The current implementation stores all published items to a node in memory. This is not scalable and will easily cause out of memory errors as items published to all nodes accumulates. The larger the payload, the quicker this will happen.
I would suggest that there are 2 possible solutions.
1. Store only the id in long term memory. The published items would only be stored in memory while they are waiting to be persisted. This will drastically reduce the memory footprint while allowing easy checks to see if the same item is being overwritten.
2. Store only the last item in memory. The check for overwriting an existing record can be done and handled (when there is an id match) in the persistence manager. This would maintain no id's or items in memory (other than the last item published).

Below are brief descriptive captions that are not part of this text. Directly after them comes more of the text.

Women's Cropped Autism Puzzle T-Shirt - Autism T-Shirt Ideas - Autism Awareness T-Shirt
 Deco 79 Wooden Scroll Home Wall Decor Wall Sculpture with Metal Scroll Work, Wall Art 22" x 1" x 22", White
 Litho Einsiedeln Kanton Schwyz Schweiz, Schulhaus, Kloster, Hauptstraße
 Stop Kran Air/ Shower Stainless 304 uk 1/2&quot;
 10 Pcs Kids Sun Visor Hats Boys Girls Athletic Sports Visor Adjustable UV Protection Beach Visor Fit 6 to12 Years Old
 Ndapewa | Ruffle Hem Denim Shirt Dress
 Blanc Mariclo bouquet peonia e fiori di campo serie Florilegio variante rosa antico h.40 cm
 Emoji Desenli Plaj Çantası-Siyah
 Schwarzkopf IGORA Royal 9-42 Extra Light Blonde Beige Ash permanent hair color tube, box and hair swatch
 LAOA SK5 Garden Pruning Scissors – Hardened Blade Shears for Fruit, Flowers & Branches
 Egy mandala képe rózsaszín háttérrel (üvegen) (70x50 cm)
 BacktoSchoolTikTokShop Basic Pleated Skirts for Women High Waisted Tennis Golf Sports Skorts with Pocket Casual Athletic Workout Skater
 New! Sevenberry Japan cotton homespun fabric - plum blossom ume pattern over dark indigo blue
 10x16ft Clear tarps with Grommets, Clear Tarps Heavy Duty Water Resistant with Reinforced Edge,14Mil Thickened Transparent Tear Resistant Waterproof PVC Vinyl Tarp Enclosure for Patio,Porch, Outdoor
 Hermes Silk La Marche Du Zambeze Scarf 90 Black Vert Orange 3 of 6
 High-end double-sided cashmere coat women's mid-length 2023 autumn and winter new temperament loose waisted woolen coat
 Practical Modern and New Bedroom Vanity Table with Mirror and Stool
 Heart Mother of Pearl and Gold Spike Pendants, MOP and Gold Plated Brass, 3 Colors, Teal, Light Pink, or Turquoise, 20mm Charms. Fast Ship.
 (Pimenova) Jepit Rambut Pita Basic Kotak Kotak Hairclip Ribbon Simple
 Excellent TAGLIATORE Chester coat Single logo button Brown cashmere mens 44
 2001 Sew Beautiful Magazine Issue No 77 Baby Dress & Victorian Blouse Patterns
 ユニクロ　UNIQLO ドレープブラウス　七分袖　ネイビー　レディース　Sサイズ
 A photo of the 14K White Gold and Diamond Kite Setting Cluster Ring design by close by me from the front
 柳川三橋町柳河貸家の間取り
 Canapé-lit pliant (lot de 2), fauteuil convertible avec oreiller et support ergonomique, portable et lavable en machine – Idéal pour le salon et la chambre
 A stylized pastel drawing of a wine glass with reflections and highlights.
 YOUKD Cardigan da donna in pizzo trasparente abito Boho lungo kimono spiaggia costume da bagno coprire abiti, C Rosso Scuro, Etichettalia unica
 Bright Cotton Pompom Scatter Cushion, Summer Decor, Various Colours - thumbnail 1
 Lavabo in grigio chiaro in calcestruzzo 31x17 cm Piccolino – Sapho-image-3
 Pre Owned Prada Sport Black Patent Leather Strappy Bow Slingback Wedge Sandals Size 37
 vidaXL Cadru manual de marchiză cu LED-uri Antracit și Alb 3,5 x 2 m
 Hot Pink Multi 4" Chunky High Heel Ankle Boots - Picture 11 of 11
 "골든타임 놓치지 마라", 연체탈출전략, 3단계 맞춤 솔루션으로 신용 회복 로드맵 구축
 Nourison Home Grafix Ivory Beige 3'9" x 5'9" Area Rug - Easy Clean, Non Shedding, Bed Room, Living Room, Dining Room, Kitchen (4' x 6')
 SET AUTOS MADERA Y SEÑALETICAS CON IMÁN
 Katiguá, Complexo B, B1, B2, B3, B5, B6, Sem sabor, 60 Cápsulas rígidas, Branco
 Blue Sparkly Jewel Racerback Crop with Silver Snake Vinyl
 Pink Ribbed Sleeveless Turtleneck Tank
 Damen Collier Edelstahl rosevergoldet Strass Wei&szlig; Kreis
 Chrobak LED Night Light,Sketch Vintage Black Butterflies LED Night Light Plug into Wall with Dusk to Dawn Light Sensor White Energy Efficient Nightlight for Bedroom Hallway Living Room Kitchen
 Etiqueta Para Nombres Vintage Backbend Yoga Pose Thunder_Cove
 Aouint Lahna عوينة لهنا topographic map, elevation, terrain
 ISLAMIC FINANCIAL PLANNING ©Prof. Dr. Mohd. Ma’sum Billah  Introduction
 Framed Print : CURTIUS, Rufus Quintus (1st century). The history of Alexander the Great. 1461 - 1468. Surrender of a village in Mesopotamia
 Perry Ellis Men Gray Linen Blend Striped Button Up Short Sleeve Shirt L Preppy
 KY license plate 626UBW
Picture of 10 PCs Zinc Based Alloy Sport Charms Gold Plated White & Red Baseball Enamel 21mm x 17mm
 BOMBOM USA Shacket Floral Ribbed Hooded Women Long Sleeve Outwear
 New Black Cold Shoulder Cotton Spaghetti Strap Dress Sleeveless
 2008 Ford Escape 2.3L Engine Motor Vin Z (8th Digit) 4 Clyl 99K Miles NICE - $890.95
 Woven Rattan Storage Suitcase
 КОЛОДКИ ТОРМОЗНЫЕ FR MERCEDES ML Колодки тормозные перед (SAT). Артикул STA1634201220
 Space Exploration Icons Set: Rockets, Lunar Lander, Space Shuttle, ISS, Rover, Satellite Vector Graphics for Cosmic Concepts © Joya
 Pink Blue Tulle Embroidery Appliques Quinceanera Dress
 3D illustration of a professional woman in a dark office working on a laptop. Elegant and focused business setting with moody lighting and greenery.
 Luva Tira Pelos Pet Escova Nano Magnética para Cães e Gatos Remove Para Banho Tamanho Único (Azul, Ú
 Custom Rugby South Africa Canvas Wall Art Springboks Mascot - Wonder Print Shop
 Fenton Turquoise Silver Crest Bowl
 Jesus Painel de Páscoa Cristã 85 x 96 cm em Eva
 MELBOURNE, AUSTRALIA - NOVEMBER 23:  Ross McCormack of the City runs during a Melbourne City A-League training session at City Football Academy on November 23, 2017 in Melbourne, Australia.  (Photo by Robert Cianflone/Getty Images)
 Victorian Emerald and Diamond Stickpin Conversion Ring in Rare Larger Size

All in memory storage of published items has been removed from the pubsub and pep service, as well as the leaf nodes.
All responsibility for persistence has been moved into the PubsubPersistenceManager, as well as for any retrieval operations.
I would speculate that this will eliminate the memory leak related to pep as well, as it was likely caused by the same problem mentioned here.
Basically, if a persistent node is defined with a large or infinite size, it will continue to store all items for that node in memory. Enough data will cause IndexOutOfBounds exceptions in internal queues, or a large number of nodes will cause OutOfMemoryErrors.
Both of these issues should now be handled properly.
hi,
my pubsub content are lost every login, it's normal?
If the node is persistent, then the content is stored in the database and retrievable by a request to get the items.
how i can seti is persistent?
It is part of the node configuration. Look up #persist_items.
http://xmpp.org/extensions/xep-0060.html#owner-configure